The Jamesian length of the foregoing sentence is intentional, for Henry James was one of the men — mainly rich, expatriate Americans — who composed what is now known as the Broadway Group. Others included his literary contemporary Edmund Gosse and the artists Francis Davis Millet — later a victim of the Titanic’s sinking — Edwin Abbey, John Singer Sargent, Edwin Blashfield, Alfred Parsons and Laurence Alma-Tadema. They were named for the pretty Gloucestershire village — then a remote, scarcely visited backwater — where their summers were spent, a focal point being Millet’s Abbots Grange, restored with the help of William Morris.

Abbey wrote at the time: “We really do have a gay summer, pretending to work and sometimes working . . . until four, then tennis until dinner time, and after dinner, dancing and music and various cheering games in the studio, but mostly dancing.”

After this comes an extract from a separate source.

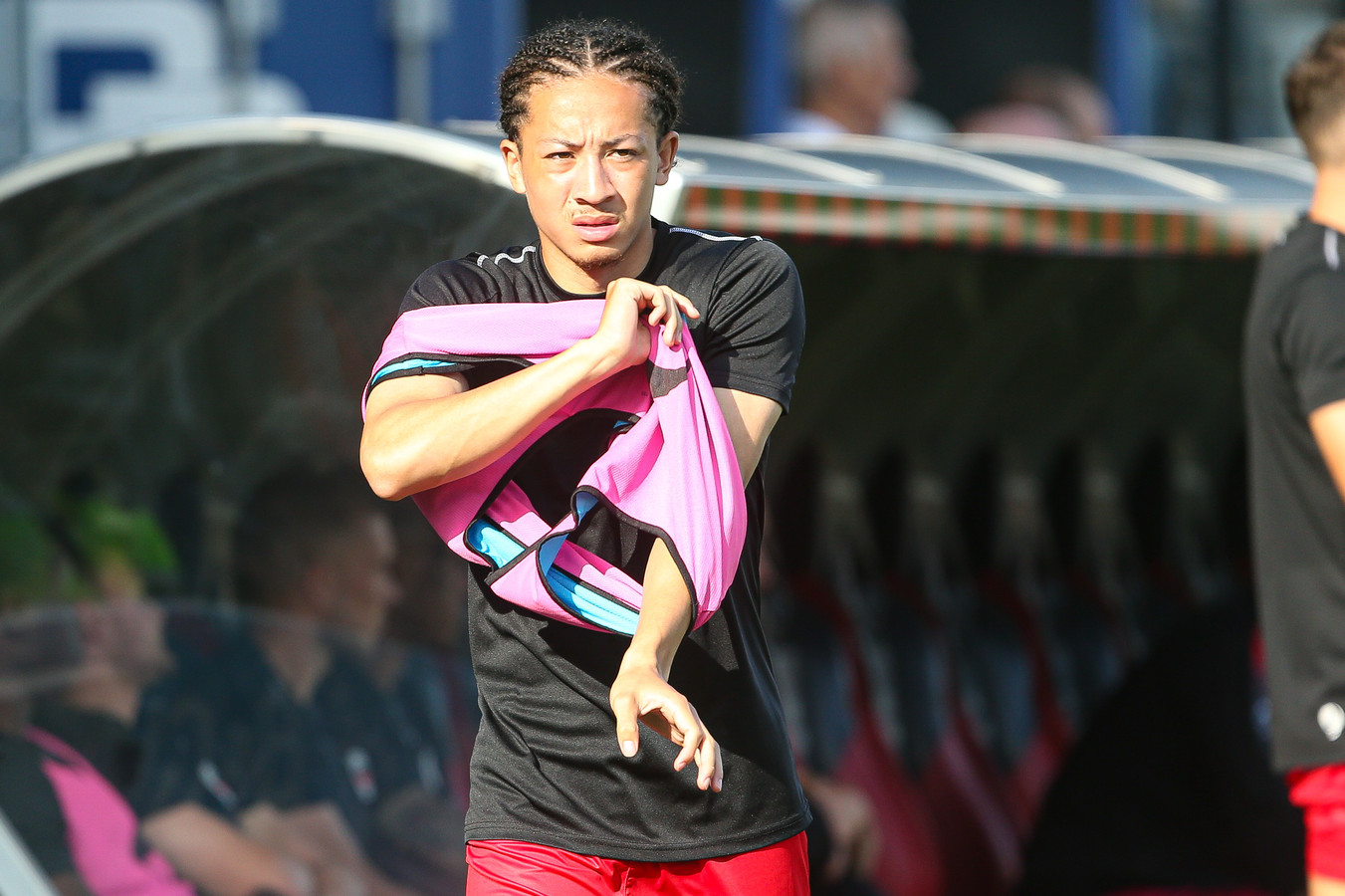 Ajaxhuurling FitzJim verbijt zich op de bank ‘Bij Excelsior worden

‘Gay’ was le mot juste because, Robert told us, many of the men were homosexual, albeit closeted. He said: “Homosexuality was, of course, illegal during this period and surely one, perhaps the only, form of expression for their emotional sensitivity was through their art.”

Three of the group — Parsons, Millet and Abbey — lived together and entertained sociably at 54 Bedford Gardens in London. Guests included William Robinson, “for too long credited as the father of ‘the wild garden’,” Robert told us, on account of his best-selling book of that name.

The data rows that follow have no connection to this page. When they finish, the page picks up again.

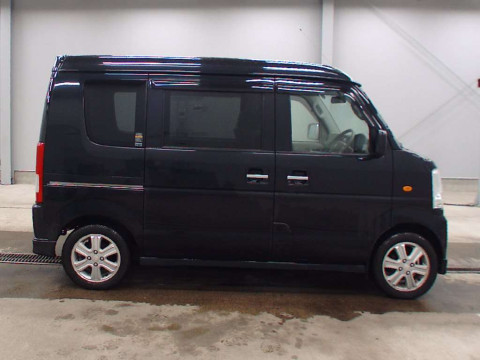 2010 Suzuki Every Wagon DA64W[2]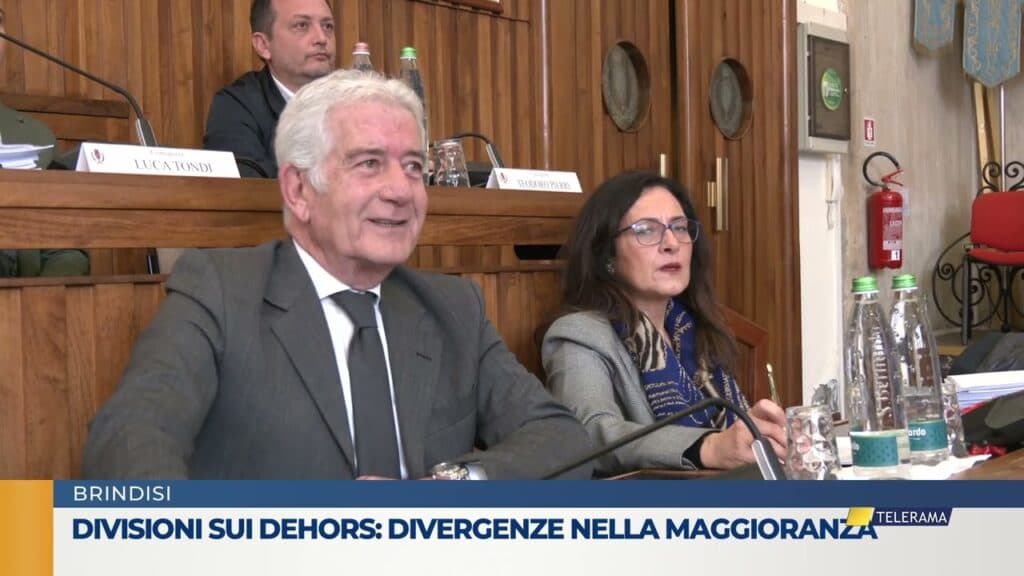 Divisioni sui dehors: divergenze nella maggioranza brindisina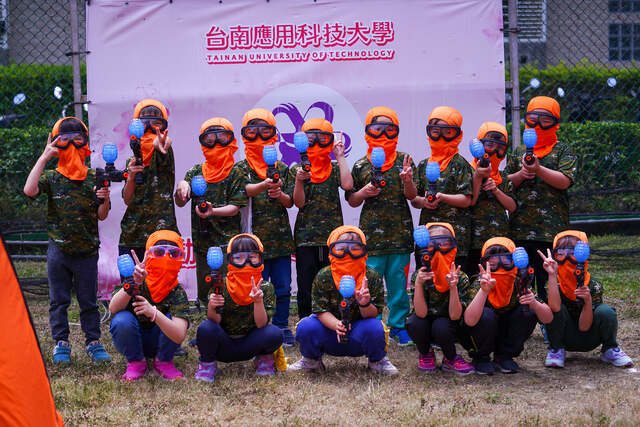 高雄台南最安全及專業水彈活動團隊-（熊麻吉活動團隊）台南傑尼爾富農幼兒園水彈戶外教學成長營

Mattock claimed that Gravetye Manor in West Sussex, Robinson’s world-famous exercise in the style, was to a large extent the inspiration of his friend Parsons. “Robinson invited Parsons to ‘lend advice’, but advice is an understatement; the Englishness of the Gravetye landscape is Parsons through and through.”

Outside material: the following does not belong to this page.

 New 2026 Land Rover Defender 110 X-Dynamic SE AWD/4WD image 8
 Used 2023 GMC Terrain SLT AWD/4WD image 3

This Englishness had been noted in his depiction of country life as illustrator for Harper’s Magazine.

“Was it there,” Henry James asked, “that Mr Parson’s learned so well how Americans would like England to appear? The England of his pencil . . . is exactly the England that the American imagination, restricted to itself, constructs from the poets, the novelists, from all the delightful testimony it inherits.”

Robert paid deserved tribute to Julian and Isabel Bannerman, who redesigned the gardens at Asthall Manor for its owner Rosie Pearson.

He said: “Their response to the site was ‘founded upon observation of what they saw, trying to see a different level, informed by a lifetime of fascination with the natural world and of human intervention in that world’.

“How very Broadway, how very Henry James and Singer Sargent, and certainly very Alfred Parsons. Have we here at Asthall a Wild Garden, an advance on the Arts & Crafts movement, Englishness, or rather, I believe, a contemporary view on Cotswoldiana?”

Those wishing to consider the question should see Asthall for themselves. On form 2014 supplies the opportunity until July 6. Go to onformsculpture.co.uk for details.

My own visit was notable for the sudden appearance above us of the menacing, but sculptural, form of a giant B-2 Stealth Bomber, one of two — their call signs Death 11 and Death 12 — on a visit from the US to RAF Fairford. Sabre-rattling to Russia, apparently, over Ukraine.

The sight led me to recall how the private view at a previous on form was enlivened when the Red Arrows roared overhead, tri-coloured smoke in their wake, as the church bells rang. We thought Rosie had arranged it specially.